Syria Debate

Full Debate: Read Full Debate
Department: Cabinet Office
Monday 16th April 2018

(6 years, 7 months ago)

Commons Chamber
Read Full debate Read Hansard Text Read Debate Ministerial Extracts
Lord Walney Portrait John Woodcock (Barrow and Furness) (Lab/Co-op)
- Hansard - -

My hon. Friend the Member for Wirral South (Alison McGovern) has a done a typically valiant service for the Syrian people today by reminding us all that the focus of our efforts ought to be, ultimately, on them. I will spend a few moments on the action the Prime Minister rightly authorised at the weekend, but I want to use the majority of the few minutes I have to talk about what the future can be.

On the authorisation of strikes, as the Prime Minister knows, many of us have been pushing for this for months and, in some cases, years. It was the right decision. It was courageous. We should all welcome the fact that the RAF seems to have executed them in such a professional way, destroying the target while minimising civilian casualties and wider collateral damage. The action was necessary and worth supporting to reset the red line against chemical weapons use anywhere in the world, but I hope we also can use this opportunity to make a genuine difference for the Syrian people.

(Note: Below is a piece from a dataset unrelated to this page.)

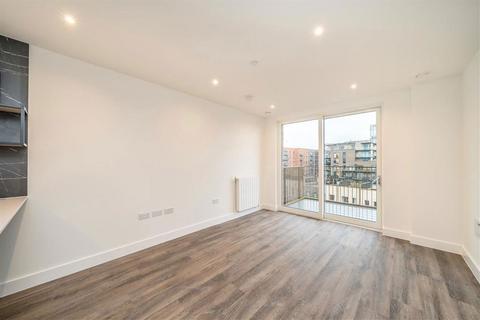 2 bedroom flat to rent, Moorehead Way, LONDON SE3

I understand and accept what the Government say about wanting to avoid escalation by not seeking to change the balance of the civil war in Syria, but let us be careful in understanding what we potentially mean by that. This is a regime that uses chemical weapons as part of a worked out panoply of violence and war crimes against civilian people. It is worth remembering that the chemical attack last weekend only came about as part of an effort to try to move rebels out of the enclave in Douma. When they refused to go, the next day a chemical weapon was dropped on them. It was therefore part of a grotesque siege strategy that breaks all international conventions.

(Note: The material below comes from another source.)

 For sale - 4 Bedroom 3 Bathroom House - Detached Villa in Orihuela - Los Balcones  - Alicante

The consensus was that Russia, Assad and Iran would have it all their own way in Syria and that nothing could be done. We have shown that that is not the case. When the right targeted action is taken, we can make a difference. While we should not seek to intervene in the outcome by taking sides in the civil war, there is more that we can do with military support to back up the Syrian people. The people of Idlib now face a final, terrible siege, just as many other towns and cities have across Syria. We could say with our allies that we will guarantee humanitarian access to those people. We would not intervene militarily on the side of opposition groups—I accept that is difficult —but we could say that we will guarantee vital aid supplies to stop the grotesque war crime of siege tactics being used against those people. I really hope that the Government will take heart from the way in which they have been successful over chemical weapons and consider taking that forward in the vital weeks ahead.